1. The use of water
In Spain, water is used very differently. When taking a shower, you do not let the water run for the entire time; it is only used to get wet and rinse off. It is not offered for free at meals and is actually more expensive to purchase than wine and beer. When I told my host family I preferred drinking water with meals, they thought it was somewhat odd and always served it to me a room temperature. However, the streets were cleaned off every morning with water.
2. The use of electricity
Electricity is also used sparingly in Spain.

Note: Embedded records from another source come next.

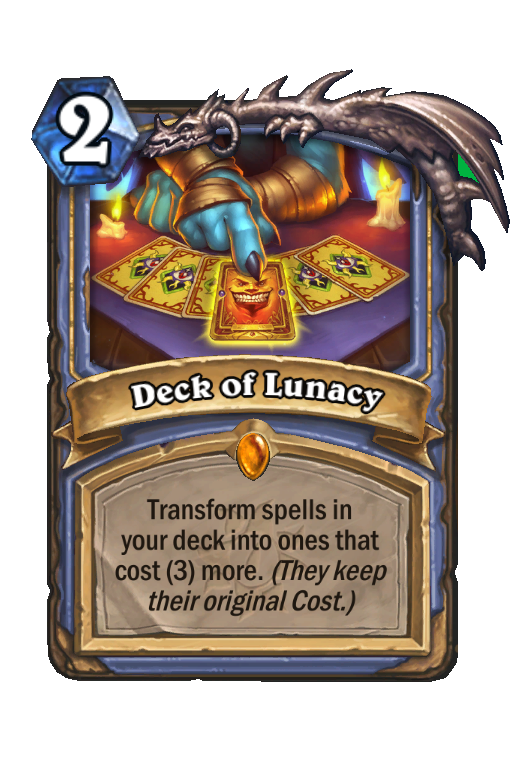 Deck of Lunacy Hearthstone kártya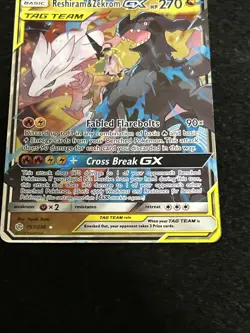 RESHIRAM & ZEKROM GX 157/236 HOLO GX RARE COSMIC ECLIPSE POKEMON Near Mint/Mint - Image 3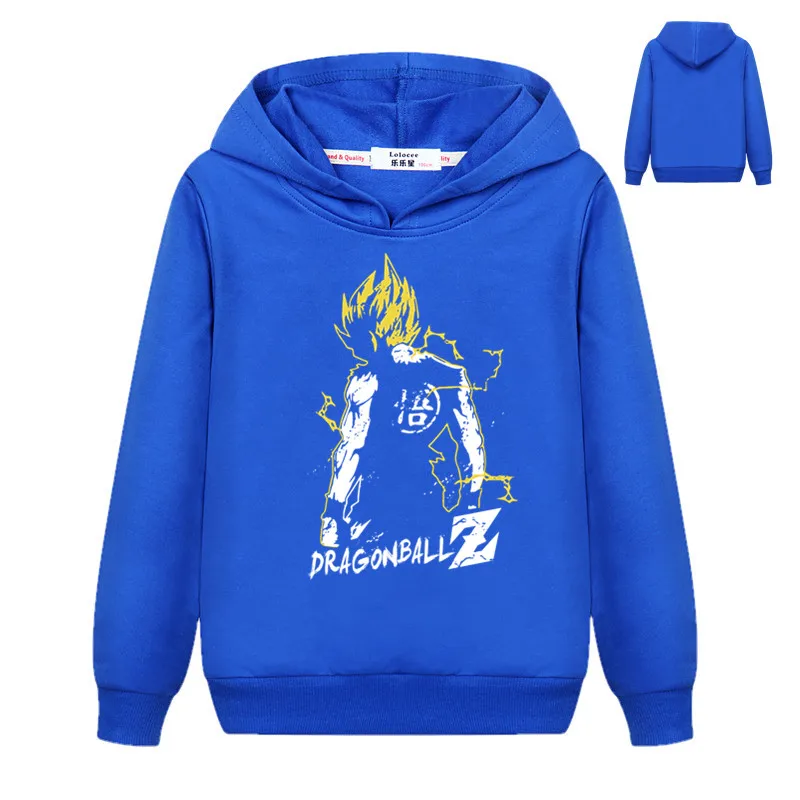 Dragon Ball Z Vegeta/Детские толстовки с капюшоном для мальчиков и девочек, Аниме Супер Саян Гоку толстовка с капюшоном DBZ, Молодежные пуловеры, верхняя одежда, куртка, спортивные костюмы - Цвет: blue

My host family gave me certain hours that I was allowed to blow dry my hair and would always lecture me about leaving a light on when I left a room.
3. Sense of time
I was up at 8:00 a.m. just about every day to attend class or go on an excursion, but my host family would never be up before 10:00 a.m. (except their son who had a job that required him to get up earlier). I would get done with class around 1:00 p.m. but my family didn’t eat lunch until 3:00 p.m. Then, dinner would be at 10:00 p.m. If one wanted to go out, they would arrive to clubs around midnight and they didn’t close until 6:00 a.m.
4. Saying “sorry”
I had never realized this until I was in Spain, but Americans say “I’m sorry” a lot. If we are about to cut someone off or accidentally bump into someone, we almost instantly apologize, but not in Spain. Daily, I was ran into by someone walking on the street without so much as a glance in my direction. When I asked one of my instructors about this, she said it’s kind of a sign of respect. Someone who apologizes for every little thing in Spanish culture is placing themselves below the person they are apologizing to; if they don’t do this, they are establishing themselves as your equal.
5. Fast Food
In the U.S., you can get any type of food at any time of the day. In Spain, they did have a McDonalds, but it closed everyday at 10:00 p.m. So, when my friends and I were looking for a late night snack, we thought we were out of luck until we discovered Leonardo’s; as you can tell, this restaurant was probably an idea they borrowed from Americans and let me tell you it is very delicious.
Everyone in Spain is catholic, literally. Despite the fact that practicing the religion (going to church every week) is not widely done by Spaniards, they all associate themselves with the Catholic church and it is infused into every part of their history. I am not Catholic, but after spending six weeks in Spain, I feel as thought I know more about the religion than many of my Catholic friends.